Due to new methods of gathering data, it may be possible to predict future income protection claimants. Wilson Carswell explains.
Predicting who exactly will make an insurance claim in the next year is almost impossible, in any sector of the insurance industry. Finance officers and insurance executives would love to have this information, because they would then be able to make the appropriate financial plans.
Although one can make general assumptions about a group of insured persons, these assumptions invariably break down at the individual level.
This gloomy lack of individual predictability of who may become future claimants has been effectively challenged by a recent medical paper.

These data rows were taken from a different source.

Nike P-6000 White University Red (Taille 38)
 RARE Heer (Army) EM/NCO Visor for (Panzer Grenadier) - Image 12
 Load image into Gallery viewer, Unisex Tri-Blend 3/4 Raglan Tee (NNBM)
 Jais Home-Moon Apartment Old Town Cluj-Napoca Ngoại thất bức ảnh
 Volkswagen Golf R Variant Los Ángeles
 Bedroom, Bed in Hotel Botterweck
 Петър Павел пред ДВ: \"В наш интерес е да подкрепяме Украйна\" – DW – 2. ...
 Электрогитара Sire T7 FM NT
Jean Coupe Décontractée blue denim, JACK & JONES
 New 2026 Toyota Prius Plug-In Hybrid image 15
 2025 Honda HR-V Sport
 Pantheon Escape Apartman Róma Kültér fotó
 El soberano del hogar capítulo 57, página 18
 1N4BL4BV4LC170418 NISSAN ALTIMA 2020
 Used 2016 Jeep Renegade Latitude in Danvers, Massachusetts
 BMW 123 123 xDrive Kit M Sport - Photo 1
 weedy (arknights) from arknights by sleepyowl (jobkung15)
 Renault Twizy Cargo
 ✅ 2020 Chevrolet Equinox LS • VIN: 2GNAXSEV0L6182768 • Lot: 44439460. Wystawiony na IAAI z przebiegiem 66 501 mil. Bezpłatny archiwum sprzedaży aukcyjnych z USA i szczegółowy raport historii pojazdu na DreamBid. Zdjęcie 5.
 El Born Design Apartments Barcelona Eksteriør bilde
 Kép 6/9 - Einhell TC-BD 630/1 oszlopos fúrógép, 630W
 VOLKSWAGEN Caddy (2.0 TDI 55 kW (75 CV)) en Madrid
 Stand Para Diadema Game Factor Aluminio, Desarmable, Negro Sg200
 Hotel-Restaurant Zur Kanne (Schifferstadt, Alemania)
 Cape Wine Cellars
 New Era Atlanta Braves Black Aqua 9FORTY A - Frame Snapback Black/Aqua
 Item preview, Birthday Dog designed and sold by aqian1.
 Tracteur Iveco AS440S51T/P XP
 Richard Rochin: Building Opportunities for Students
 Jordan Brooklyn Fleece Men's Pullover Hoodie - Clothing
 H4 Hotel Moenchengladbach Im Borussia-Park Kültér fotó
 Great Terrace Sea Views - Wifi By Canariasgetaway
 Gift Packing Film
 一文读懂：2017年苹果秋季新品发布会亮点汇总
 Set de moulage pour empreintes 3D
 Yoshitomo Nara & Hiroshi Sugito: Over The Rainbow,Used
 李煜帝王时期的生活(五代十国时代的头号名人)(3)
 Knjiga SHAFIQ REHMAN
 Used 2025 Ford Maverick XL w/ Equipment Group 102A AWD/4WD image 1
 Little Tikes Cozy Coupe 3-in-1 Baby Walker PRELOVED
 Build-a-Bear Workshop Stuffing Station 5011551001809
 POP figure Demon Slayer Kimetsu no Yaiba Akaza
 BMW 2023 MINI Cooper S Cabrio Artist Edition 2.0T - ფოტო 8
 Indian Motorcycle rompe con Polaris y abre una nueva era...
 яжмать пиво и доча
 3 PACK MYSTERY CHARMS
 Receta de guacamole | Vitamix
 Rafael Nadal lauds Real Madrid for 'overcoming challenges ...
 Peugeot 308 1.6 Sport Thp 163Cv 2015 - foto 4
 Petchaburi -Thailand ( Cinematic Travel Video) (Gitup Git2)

A study was funded by the Scottish government and carried out by a group of health professionals and health economists, headed by Will Whittaker a health economist and Jill Morrison a professor of general practice.
Their findings were published in the British Medical Journal under the title: ‘Whittaker, Will et al. Predicting which people with psychosocial distress are at risk of becoming dependent on state benefits: analysis of routinely available data'.
The researchers had access to the records of more than 18,000 patients on general medical practitioners' lists in Scotland over 17 years. These patients had applied for incapacity benefit (IB) which is paid only to those who have been away from work for at least six months.
Of the entire group studied, 1,877 had claimed for IB at least once over the 17 years of the study. The researchers found two separate factors that offered some guidance on those who would subsequently make an IB claim.
The first of these used a self completed form, named a General Health Questionnaire (GHQ-12 for short). This was developed by Goldberg and Williams in 1988. It is a measure of current mental health.